Data extract:
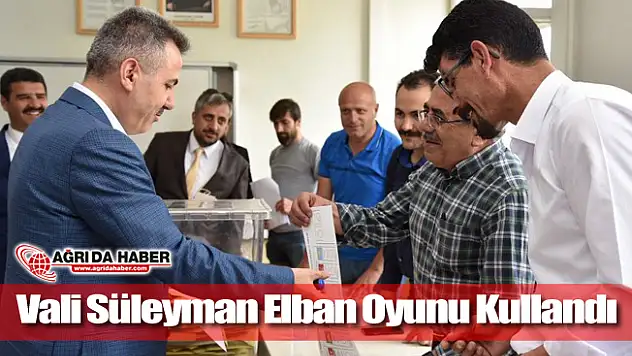 Ağrı Valisi Süleyman Elban oyunu kullandı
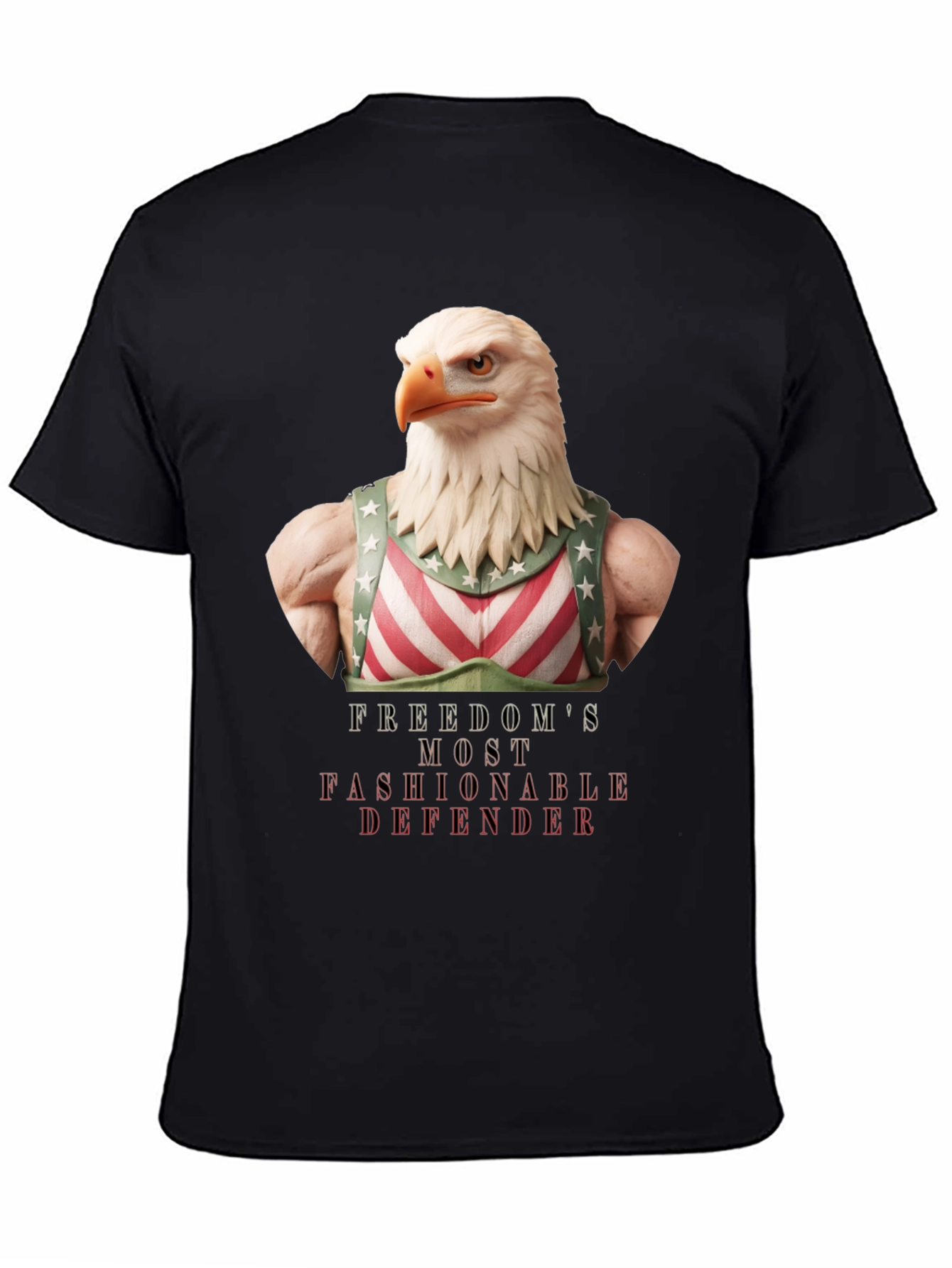 Freedoms Most Fashionable Defender T-Shirt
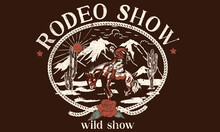 Rodeo Show Print Design For T-shirt. Cowgirl Vintage Artwork For Poster, Sticker, Background And Others. Wild Life Illustration. Horse Show At The Beach Artwork.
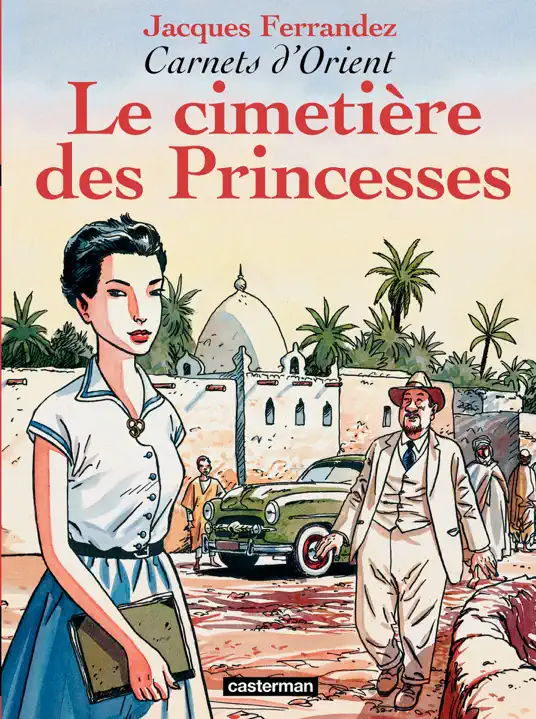Carnets d'Orient - Tome 5 - Le cimetière des Princesses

What the task asks:
An exact repeat of the listing above, pictures excluded, is the answer.

Problem solution:
 Ağrı Valisi Süleyman Elban oyunu kullandı
 Freedoms Most Fashionable Defender T-Shirt
 Rodeo Show Print Design For T-shirt. Cowgirl Vintage Artwork For Poster, Sticker, Background And Others. Wild Life Illustration. Horse Show At The Beach Artwork.
Carnets d'Orient - Tome 5 - Le cimetière des Princesses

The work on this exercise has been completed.